Platão afirmava que além deste mundo sensível e passageiro havia outro de realidades invisíveis e permanentes. Tudo isto foi de grande valor e atratividade para aqueles primeiros cristãos que se viam perseguidos e acusados de serem ignorantes e ingénuos.
Por estas razões, a filosofia platónica exerceu uma influência muito grande no pensamento cristão daquela época e que ainda hoje perdura.
Algo semelhante sucedeu com o estoicismo. Esta escola filosófica — algo superior ao platonismo — ensinava doutrinas de alto caráter moral. Segundo os estóicos, há uma lei natural impressa em todo o universo e na razão humana, e essa lei nos diz como devemos nos comportar.
Se alguns não vêem essa lei e não a seguem, isto se deve ao fato de que são néscios, pois quem é verdadeiramente sábio conhece essa lei e a obedece. Além disso, já que nossas paixões lutam contra nossa razão, e tratam de dominar nossas vidas, a meta do sábio é fazer com que sua razão domine toda paixão, até o ponto de não senti-la.
Esse estado de não sentir paixão alguma é a "apatia", e nisto consiste a perfeição moral segundo os estóicos. Também, nesse caso, podemos imaginar o atrativo desta doutrina para os cristãos, que se viam obrigados a enfrentar repetidamente os costumes corruptos de sua época e a criticá-los.
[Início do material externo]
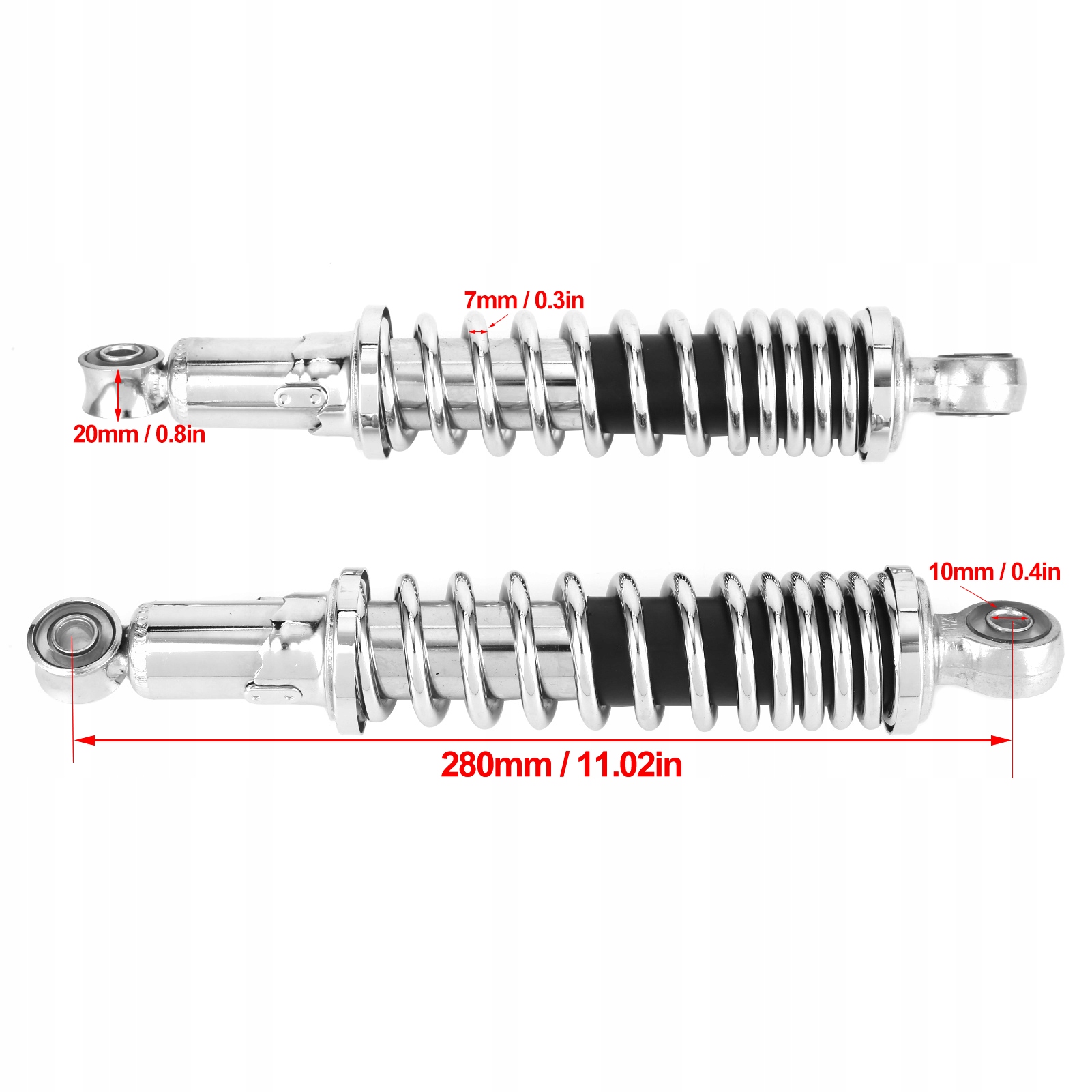 AMORTYZATOR TYLNI 280MM MOTOCYKL HONDA Z50 NOWE Producent bez marki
Já que os estóicos haviam feito o mesmo, em suas idéias e escritos, os cristãos encontravam apoio para sua defesa e propaganda. Igualmente ao platonismo, isso acarretava o perigo de que se chegasse a confundir a fé cristã com estas doutrinas filosóficas, e que assim se perdesse algo do caráter único do evangelho.
Não faltaram aqueles que, em um aspecto ou noutro, sucumbissem diante dessa tentação. Mas isso não há de ocultar o grande valor que estas doutrinas tiveram na primeira expansão do cristianismo.
Segundo o apóstolo Paulo, o cristianismo penetrou no mundo "quando veio a plenitude, do tempo". Talvez alguém entendesse isto no sentido de que Deus facilitara o caminho àqueles primeiros cristãos.
E não há dúvidas de que muito do que estava acontecendo no século primeiro facilitou o avanço da nova fé. Mas também é certo que esses mesmos acontecimentos colocavam diante da igreja desafios difíceis que exigiam enorme valor e audácia.
A "plenitude do tempo" não quer dizer que o mundo estivesse pronto a se tornar cristão, como uma fruta madura pronta para cair da árvore, mas quer dizer que, nos desígnios inescrutáveis de Deus, havia chegado o momento de enviar o seu Filho ao mundo para sofrer morte de cruz, e de espalhar os discípulos por esse mesmo mundo, a fim de que eles também dessem o testemunho de sua fé no Crucificado.